Can Negative Capacitance Induce Superconductivity?

TL;DR

This paper explores the potential for inducing superconductivity in 2D conductors by embedding them in a negative permittivity medium, which could turn Coulomb repulsion into attraction, using a weak coupling BCS framework.

Contribution

It proposes a novel mechanism for superconductivity via negative capacitance in 2D materials, highlighting key parameters for experimental realization.

Findings

Negative permittivity can induce attractive interactions in 2D conductors.

Small effective negative permittivity is crucial for superconductivity.

Balancing negative and positive permittivity media is necessary for optimal conditions.

Abstract

Superconductivity was originally observed in 3D metals caused by an effective attraction between electrons mediated by the electron-phonon interaction.

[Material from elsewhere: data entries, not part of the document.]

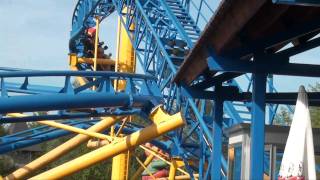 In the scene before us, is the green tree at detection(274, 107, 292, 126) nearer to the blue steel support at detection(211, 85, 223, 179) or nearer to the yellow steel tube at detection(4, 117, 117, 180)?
the yellow steel tube at detection(4, 117, 117, 180)

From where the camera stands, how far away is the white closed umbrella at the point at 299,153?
7246mm

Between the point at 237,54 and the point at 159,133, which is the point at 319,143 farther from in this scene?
the point at 159,133

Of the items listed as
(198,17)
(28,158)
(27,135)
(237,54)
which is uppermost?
(198,17)

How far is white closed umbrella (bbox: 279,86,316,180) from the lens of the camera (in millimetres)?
7246

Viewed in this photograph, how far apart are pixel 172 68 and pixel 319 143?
9577mm

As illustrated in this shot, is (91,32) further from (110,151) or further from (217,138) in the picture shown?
(217,138)

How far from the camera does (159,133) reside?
51.1ft

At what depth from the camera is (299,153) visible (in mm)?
7297

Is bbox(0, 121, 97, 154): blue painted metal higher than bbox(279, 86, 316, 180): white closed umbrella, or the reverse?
bbox(279, 86, 316, 180): white closed umbrella

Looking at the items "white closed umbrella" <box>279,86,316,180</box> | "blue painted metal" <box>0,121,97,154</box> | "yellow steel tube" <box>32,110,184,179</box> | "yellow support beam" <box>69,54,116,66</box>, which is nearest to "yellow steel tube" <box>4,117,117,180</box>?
"blue painted metal" <box>0,121,97,154</box>

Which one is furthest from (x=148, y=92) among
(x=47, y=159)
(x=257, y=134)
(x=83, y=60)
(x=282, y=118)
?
(x=282, y=118)

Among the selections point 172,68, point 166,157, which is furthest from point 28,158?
point 172,68

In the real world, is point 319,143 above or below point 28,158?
above

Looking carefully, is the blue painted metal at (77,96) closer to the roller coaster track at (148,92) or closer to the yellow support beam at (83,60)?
the roller coaster track at (148,92) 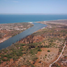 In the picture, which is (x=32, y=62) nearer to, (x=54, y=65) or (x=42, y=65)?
(x=42, y=65)

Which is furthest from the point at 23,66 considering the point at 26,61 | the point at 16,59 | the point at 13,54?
the point at 13,54

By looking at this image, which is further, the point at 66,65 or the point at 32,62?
the point at 32,62

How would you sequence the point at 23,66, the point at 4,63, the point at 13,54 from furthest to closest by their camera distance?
the point at 13,54 < the point at 4,63 < the point at 23,66

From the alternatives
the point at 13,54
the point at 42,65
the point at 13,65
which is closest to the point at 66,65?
the point at 42,65

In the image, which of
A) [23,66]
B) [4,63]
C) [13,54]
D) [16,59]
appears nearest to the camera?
[23,66]

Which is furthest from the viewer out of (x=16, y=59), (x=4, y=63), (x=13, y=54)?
(x=13, y=54)

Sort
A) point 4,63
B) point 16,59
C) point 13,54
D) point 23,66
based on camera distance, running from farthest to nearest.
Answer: point 13,54, point 16,59, point 4,63, point 23,66

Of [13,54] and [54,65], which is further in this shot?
[13,54]

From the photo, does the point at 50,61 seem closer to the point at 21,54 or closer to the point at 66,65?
the point at 66,65

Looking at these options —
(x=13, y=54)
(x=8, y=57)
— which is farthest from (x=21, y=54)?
(x=8, y=57) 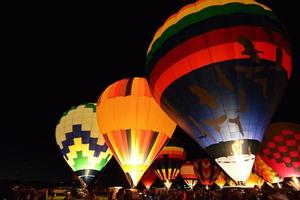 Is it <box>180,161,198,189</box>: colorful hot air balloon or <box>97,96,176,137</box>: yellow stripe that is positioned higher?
<box>97,96,176,137</box>: yellow stripe

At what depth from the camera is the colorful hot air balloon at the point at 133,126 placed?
10.9 metres

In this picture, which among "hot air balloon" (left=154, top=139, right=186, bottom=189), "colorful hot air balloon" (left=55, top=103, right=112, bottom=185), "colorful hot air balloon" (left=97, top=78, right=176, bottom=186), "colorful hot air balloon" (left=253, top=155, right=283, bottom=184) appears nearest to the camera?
"colorful hot air balloon" (left=97, top=78, right=176, bottom=186)

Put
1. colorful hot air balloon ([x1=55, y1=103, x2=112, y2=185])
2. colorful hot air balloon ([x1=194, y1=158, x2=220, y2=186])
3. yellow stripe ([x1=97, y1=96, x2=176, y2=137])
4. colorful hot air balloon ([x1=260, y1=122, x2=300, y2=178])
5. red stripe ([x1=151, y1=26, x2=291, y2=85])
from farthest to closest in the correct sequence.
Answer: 1. colorful hot air balloon ([x1=194, y1=158, x2=220, y2=186])
2. colorful hot air balloon ([x1=260, y1=122, x2=300, y2=178])
3. colorful hot air balloon ([x1=55, y1=103, x2=112, y2=185])
4. yellow stripe ([x1=97, y1=96, x2=176, y2=137])
5. red stripe ([x1=151, y1=26, x2=291, y2=85])

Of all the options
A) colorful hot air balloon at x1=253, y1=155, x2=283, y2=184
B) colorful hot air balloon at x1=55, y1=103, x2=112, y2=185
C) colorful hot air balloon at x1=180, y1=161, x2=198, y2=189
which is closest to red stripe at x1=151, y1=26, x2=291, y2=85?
colorful hot air balloon at x1=55, y1=103, x2=112, y2=185

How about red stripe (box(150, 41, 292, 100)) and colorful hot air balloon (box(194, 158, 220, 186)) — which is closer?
red stripe (box(150, 41, 292, 100))

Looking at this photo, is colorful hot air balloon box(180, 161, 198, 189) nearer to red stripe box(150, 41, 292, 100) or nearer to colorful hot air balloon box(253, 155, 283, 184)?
colorful hot air balloon box(253, 155, 283, 184)

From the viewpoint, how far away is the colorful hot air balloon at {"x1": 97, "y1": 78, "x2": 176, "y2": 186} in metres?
10.9

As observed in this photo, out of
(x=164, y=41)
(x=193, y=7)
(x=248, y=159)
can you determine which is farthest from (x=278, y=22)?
(x=248, y=159)

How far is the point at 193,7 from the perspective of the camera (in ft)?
29.5

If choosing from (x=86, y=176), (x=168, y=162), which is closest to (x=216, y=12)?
(x=86, y=176)

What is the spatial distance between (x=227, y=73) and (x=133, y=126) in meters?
4.25

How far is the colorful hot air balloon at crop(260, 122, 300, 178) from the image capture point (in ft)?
48.6

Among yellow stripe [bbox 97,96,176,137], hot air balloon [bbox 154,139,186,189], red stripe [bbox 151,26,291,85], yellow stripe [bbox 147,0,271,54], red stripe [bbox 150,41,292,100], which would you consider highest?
yellow stripe [bbox 147,0,271,54]

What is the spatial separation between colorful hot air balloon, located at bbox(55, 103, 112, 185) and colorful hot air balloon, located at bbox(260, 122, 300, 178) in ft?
26.2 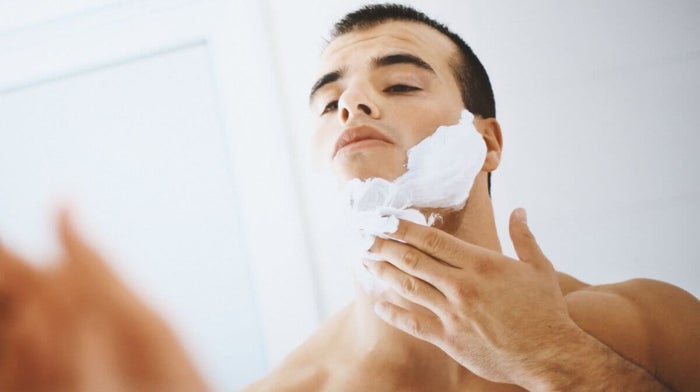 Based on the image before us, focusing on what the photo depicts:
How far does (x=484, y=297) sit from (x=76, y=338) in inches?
26.3

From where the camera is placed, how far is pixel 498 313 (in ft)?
1.79

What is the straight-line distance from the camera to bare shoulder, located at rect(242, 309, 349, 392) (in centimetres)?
82

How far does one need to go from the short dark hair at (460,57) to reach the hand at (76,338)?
67cm

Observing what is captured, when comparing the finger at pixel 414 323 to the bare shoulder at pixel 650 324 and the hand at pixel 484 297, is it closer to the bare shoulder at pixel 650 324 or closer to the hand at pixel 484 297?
the hand at pixel 484 297

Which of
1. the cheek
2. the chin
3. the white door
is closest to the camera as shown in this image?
the chin

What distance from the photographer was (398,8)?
0.86m

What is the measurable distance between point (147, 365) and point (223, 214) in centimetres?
40

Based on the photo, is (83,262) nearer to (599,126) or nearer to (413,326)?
(413,326)

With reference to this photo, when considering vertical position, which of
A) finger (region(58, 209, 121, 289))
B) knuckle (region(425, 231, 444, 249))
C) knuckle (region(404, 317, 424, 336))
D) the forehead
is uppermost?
the forehead

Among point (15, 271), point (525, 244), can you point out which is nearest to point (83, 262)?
point (15, 271)

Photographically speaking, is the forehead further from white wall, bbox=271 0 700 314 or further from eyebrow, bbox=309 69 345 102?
white wall, bbox=271 0 700 314

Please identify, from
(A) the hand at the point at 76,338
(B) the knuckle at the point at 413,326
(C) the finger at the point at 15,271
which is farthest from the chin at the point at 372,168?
(C) the finger at the point at 15,271

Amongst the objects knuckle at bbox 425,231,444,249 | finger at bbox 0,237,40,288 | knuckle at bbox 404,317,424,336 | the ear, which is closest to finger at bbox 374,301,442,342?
knuckle at bbox 404,317,424,336

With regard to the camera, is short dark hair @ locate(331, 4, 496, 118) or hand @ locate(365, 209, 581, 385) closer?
hand @ locate(365, 209, 581, 385) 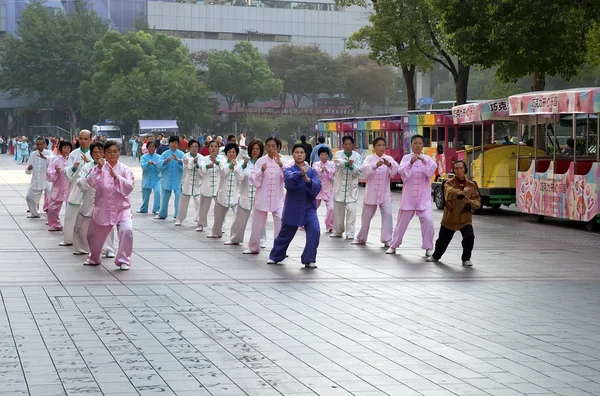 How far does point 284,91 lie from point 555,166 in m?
66.9

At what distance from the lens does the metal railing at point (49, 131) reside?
88062 millimetres

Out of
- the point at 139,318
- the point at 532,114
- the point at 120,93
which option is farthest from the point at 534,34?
the point at 120,93

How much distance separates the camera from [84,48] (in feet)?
266

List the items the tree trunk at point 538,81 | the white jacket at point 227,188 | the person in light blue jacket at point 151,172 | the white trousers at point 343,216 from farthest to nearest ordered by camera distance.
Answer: the tree trunk at point 538,81 < the person in light blue jacket at point 151,172 < the white trousers at point 343,216 < the white jacket at point 227,188

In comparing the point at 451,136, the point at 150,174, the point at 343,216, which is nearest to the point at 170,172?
the point at 150,174

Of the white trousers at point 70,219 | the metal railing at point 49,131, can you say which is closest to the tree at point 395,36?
the white trousers at point 70,219

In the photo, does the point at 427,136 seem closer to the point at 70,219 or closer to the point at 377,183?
the point at 377,183

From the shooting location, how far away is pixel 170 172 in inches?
821

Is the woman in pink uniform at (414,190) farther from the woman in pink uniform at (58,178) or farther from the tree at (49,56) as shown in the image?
the tree at (49,56)

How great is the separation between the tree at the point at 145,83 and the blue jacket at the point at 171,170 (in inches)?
2020

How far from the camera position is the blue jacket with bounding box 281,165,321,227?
13.0m

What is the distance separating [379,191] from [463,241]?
2601 millimetres

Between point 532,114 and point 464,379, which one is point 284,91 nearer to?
point 532,114

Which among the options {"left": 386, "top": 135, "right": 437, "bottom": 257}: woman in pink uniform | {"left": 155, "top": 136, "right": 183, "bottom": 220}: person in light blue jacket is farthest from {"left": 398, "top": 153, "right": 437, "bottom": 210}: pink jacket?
Result: {"left": 155, "top": 136, "right": 183, "bottom": 220}: person in light blue jacket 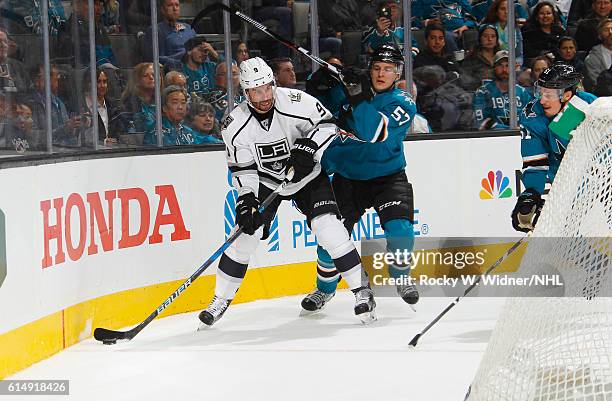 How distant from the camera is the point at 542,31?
24.1ft

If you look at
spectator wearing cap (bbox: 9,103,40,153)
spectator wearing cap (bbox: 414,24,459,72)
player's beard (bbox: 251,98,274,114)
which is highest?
spectator wearing cap (bbox: 414,24,459,72)

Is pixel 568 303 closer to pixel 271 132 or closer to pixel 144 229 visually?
pixel 271 132

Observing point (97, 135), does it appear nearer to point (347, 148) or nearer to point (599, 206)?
point (347, 148)

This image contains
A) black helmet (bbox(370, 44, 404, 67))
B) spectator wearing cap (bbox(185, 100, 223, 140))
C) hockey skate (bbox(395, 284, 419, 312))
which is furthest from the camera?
spectator wearing cap (bbox(185, 100, 223, 140))

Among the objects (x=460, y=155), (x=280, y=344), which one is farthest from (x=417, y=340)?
(x=460, y=155)

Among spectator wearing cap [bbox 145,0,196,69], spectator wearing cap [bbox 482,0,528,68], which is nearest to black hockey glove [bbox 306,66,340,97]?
spectator wearing cap [bbox 145,0,196,69]

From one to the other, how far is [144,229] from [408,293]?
4.08 ft

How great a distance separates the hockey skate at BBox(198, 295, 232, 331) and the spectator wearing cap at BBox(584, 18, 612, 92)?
10.4 feet

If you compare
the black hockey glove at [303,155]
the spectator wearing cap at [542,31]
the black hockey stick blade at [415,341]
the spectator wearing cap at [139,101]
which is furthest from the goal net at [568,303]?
the spectator wearing cap at [542,31]

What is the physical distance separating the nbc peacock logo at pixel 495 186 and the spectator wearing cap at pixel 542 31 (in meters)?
0.89

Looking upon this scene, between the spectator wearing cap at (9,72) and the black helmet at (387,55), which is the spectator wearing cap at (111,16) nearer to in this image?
the spectator wearing cap at (9,72)

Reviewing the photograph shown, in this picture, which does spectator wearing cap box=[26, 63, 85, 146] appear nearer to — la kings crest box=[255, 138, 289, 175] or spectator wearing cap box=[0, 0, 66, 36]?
spectator wearing cap box=[0, 0, 66, 36]

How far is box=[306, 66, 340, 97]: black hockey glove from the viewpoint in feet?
18.2

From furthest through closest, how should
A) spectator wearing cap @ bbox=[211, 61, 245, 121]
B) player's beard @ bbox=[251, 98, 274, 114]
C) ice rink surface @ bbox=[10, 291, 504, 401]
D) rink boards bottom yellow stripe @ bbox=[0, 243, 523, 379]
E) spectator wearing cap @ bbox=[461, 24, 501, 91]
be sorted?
spectator wearing cap @ bbox=[461, 24, 501, 91] < spectator wearing cap @ bbox=[211, 61, 245, 121] < player's beard @ bbox=[251, 98, 274, 114] < rink boards bottom yellow stripe @ bbox=[0, 243, 523, 379] < ice rink surface @ bbox=[10, 291, 504, 401] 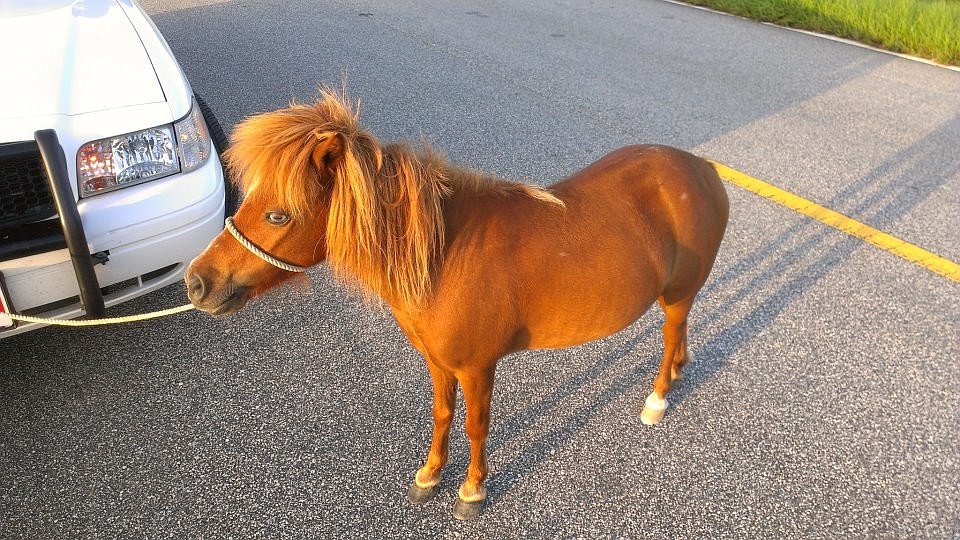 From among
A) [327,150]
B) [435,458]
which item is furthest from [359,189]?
[435,458]

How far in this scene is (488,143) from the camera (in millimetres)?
5172

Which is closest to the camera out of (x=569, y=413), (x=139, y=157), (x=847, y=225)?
(x=139, y=157)

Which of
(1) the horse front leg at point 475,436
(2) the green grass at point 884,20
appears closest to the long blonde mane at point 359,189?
(1) the horse front leg at point 475,436

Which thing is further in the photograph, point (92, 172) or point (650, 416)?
point (650, 416)

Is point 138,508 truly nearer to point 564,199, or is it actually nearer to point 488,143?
point 564,199

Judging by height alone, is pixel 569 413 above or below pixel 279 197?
below

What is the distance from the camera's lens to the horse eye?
61.2 inches

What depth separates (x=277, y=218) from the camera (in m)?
1.56

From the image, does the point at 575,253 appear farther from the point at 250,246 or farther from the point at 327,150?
the point at 250,246

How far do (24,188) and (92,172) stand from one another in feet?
0.75

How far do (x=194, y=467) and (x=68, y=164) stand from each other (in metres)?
1.23

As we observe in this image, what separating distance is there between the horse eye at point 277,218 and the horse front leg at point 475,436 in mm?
741

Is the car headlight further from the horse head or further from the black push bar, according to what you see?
the horse head

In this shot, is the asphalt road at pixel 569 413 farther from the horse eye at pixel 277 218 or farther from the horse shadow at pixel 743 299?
the horse eye at pixel 277 218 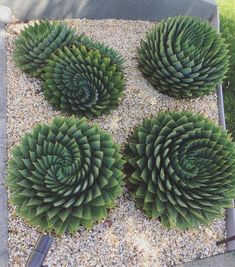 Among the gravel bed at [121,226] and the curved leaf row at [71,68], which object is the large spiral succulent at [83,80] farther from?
the gravel bed at [121,226]

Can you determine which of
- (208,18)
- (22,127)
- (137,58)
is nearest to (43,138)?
(22,127)

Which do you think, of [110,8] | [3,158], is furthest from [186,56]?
[3,158]

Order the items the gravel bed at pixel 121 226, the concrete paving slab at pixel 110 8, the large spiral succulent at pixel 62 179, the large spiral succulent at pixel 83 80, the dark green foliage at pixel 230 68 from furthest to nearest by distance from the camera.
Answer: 1. the dark green foliage at pixel 230 68
2. the concrete paving slab at pixel 110 8
3. the large spiral succulent at pixel 83 80
4. the gravel bed at pixel 121 226
5. the large spiral succulent at pixel 62 179

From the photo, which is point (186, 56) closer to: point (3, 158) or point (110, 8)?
point (110, 8)

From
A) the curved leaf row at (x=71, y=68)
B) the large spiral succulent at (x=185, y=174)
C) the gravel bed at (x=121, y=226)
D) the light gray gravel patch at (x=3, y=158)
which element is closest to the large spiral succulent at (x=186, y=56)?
the gravel bed at (x=121, y=226)

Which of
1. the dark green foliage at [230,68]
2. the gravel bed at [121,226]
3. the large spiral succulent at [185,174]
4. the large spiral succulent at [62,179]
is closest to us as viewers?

Since then there has been a lot of work on 2D conductors including the possibility of alternative mechanisms that can lead to an effective attractive interaction. Inspired by the experimental demonstration of both steady-state and transient negative capacitance in a variety of structures, this paper investigates the possibility of superconductivity in a two-dimensional conductor embedded in a negative permittivity medium whose role is to turn the normally repulsive Coulomb interaction into an attractive one. A weak coupling BCS theory is used to identify the key parameters that have to be optimized to observe a superconducting transition, especially the need for a small effective negative permittivity, which could be obtained by balancing a negative permittivity medium with a positive permittivity one.